▶ **EXERCISE MATERIALS**:

**********

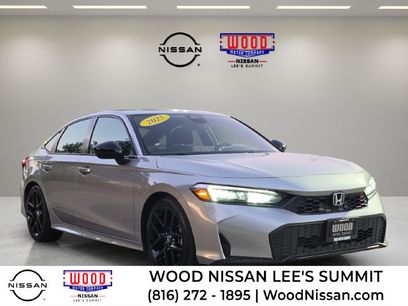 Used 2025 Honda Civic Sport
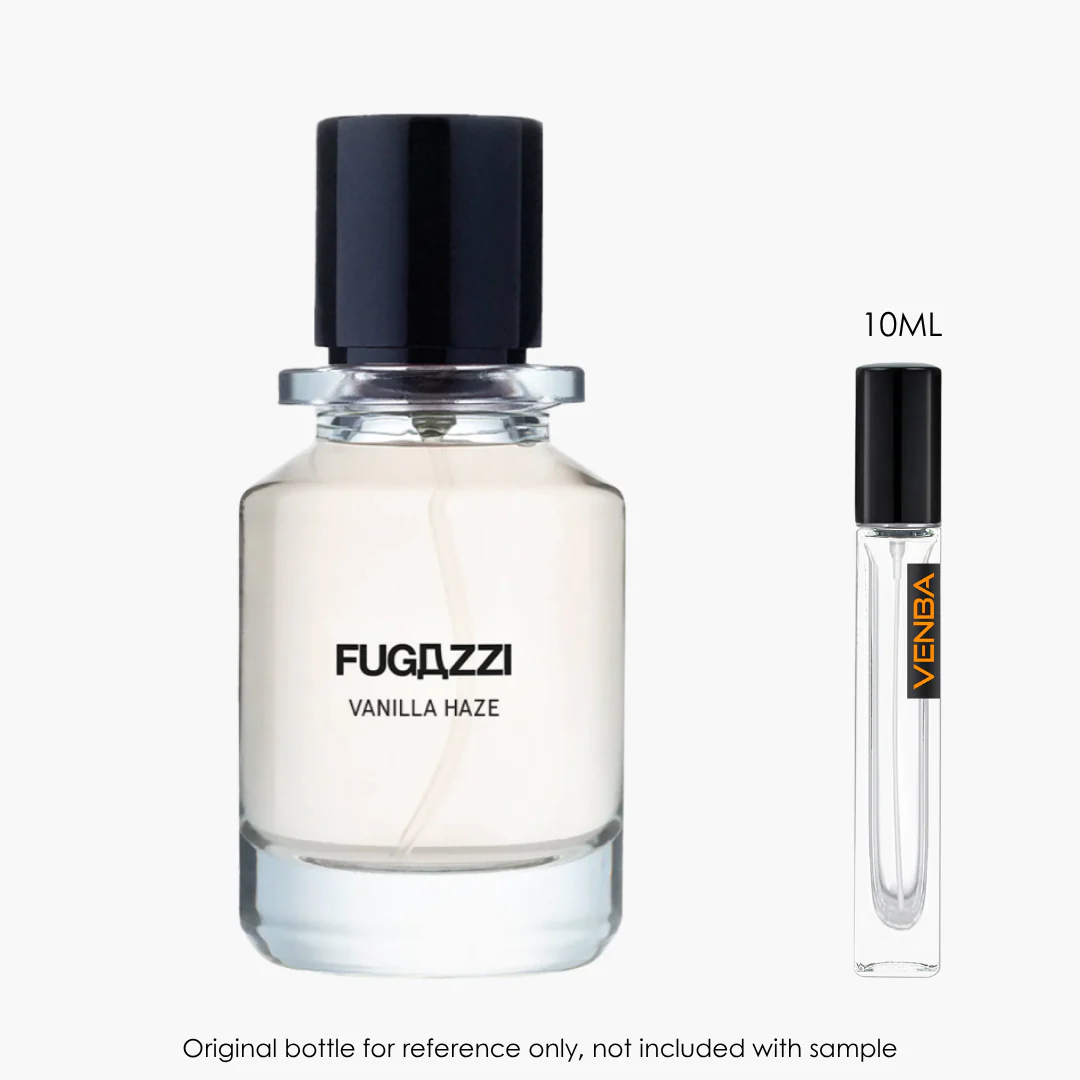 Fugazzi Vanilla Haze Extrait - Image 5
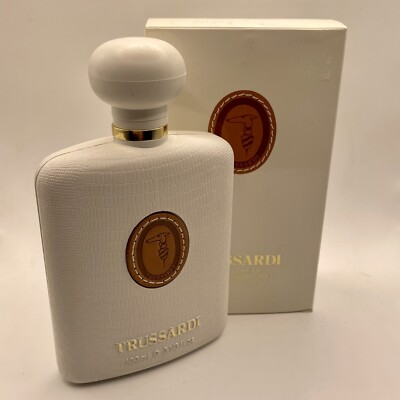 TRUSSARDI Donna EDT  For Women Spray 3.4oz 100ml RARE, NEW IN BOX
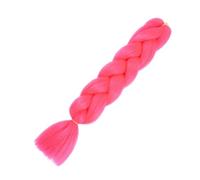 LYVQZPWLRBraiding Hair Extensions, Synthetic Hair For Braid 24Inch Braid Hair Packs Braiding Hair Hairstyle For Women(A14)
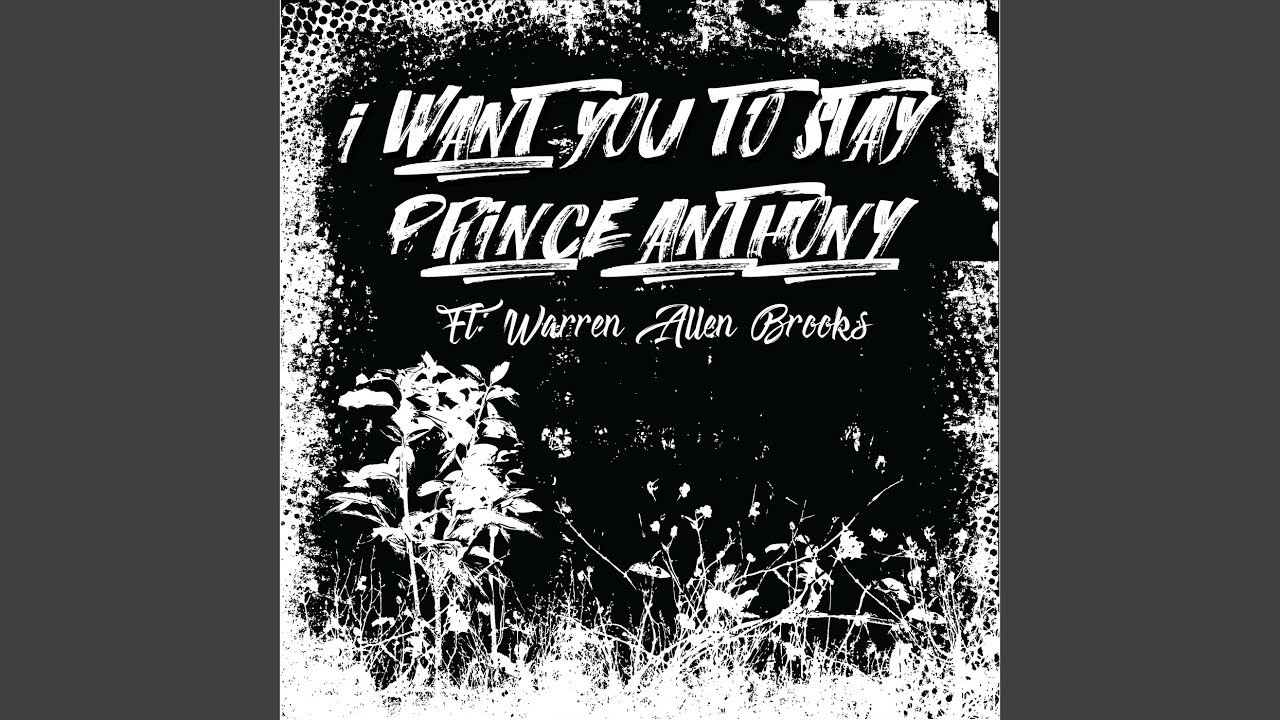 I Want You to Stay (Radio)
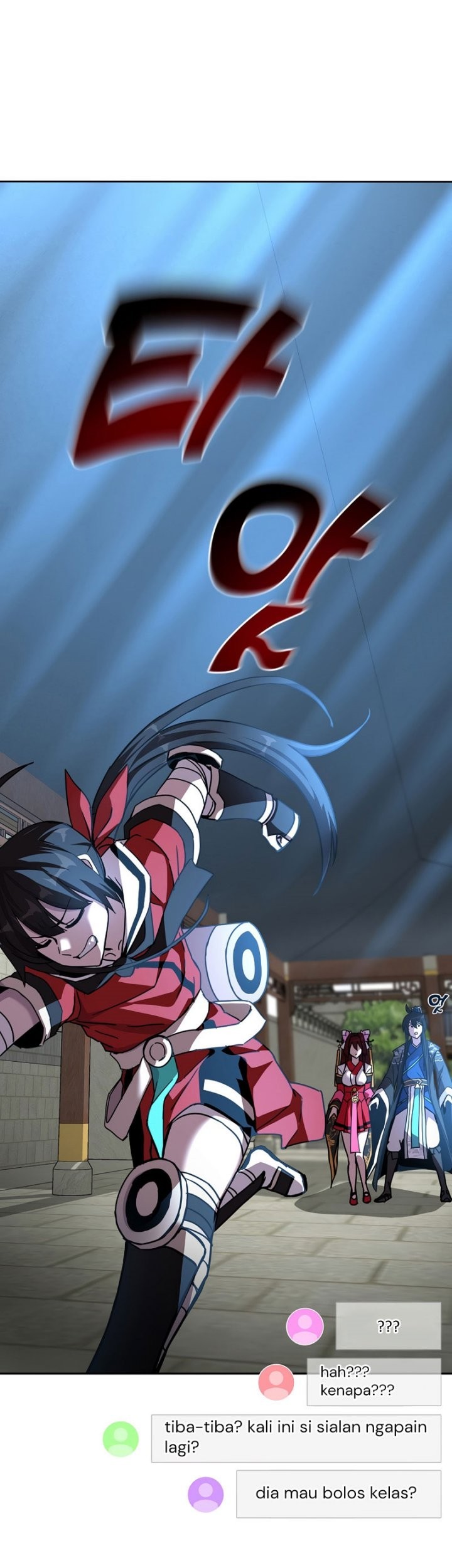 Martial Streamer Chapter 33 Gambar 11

**********

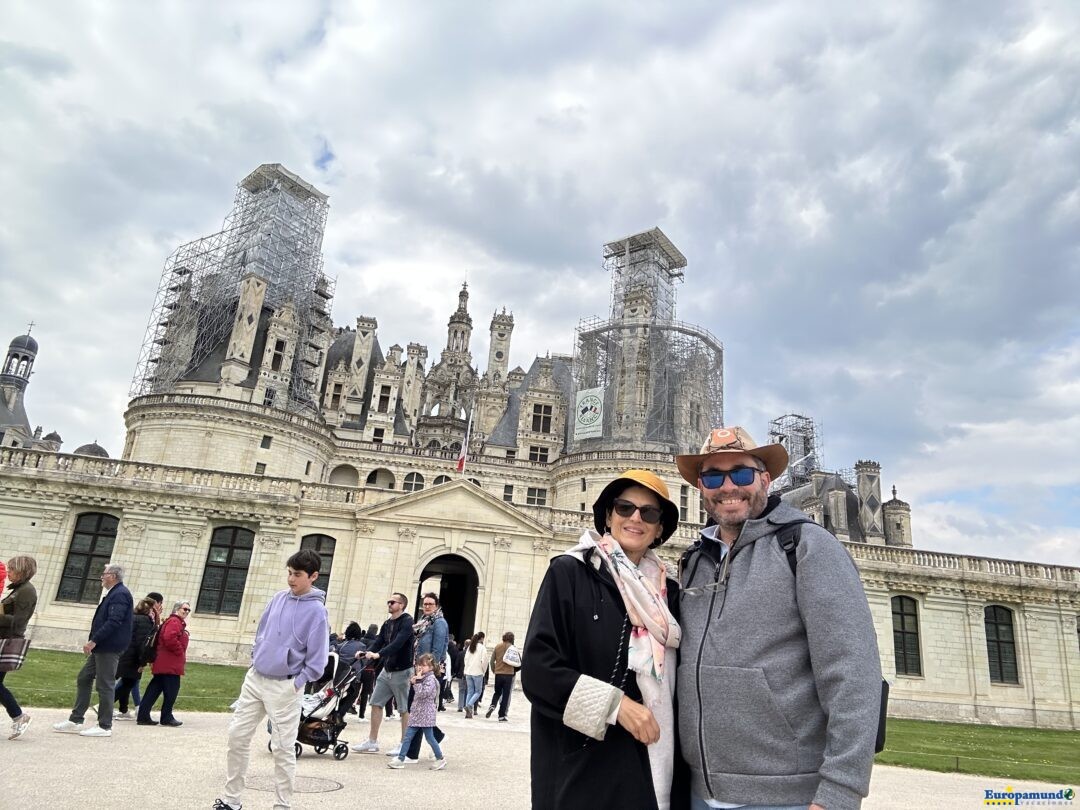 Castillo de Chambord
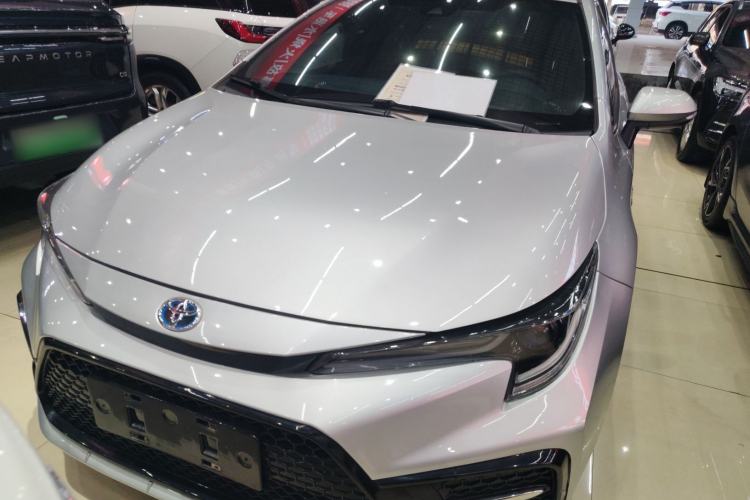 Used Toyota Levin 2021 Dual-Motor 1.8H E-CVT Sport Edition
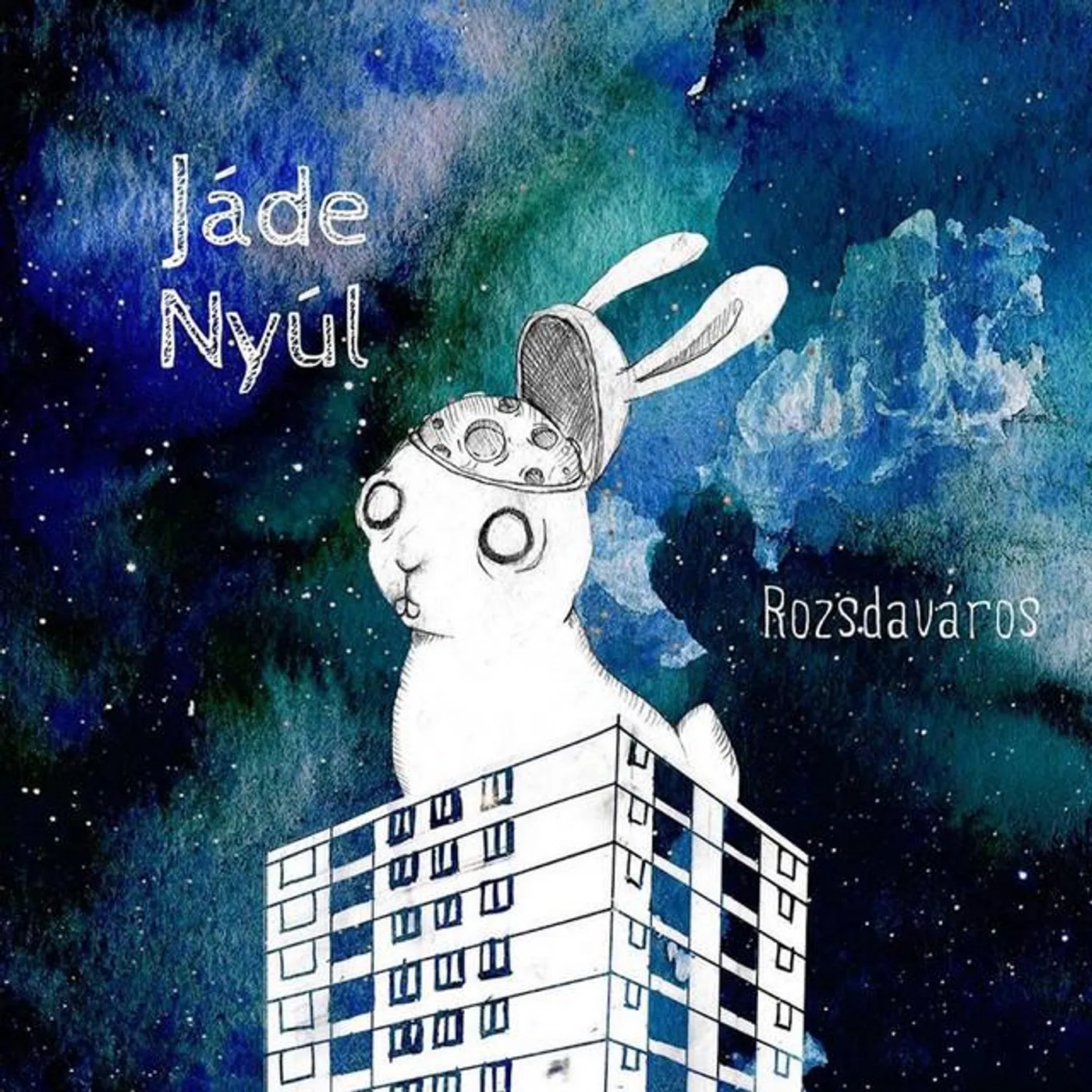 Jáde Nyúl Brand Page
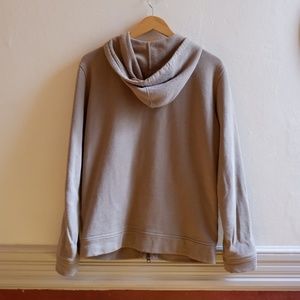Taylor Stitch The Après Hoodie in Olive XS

**********

▶ **THE TASK**: From the line containing "Fugazzi Vanilla Haze Extrait - Image 5" through the line containing "Martial Streamer Chapter 33 Gambar 11", copy every line above exactly, without pictures.

▶ **ANSWER BELOW**:
 Fugazzi Vanilla Haze Extrait - Image 5
 TRUSSARDI Donna EDT  For Women Spray 3.4oz 100ml RARE, NEW IN BOX
 LYVQZPWLRBraiding Hair Extensions, Synthetic Hair For Braid 24Inch Braid Hair Packs Braiding Hair Hairstyle For Women(A14)
 I Want You to Stay (Radio)
 Martial Streamer Chapter 33 Gambar 11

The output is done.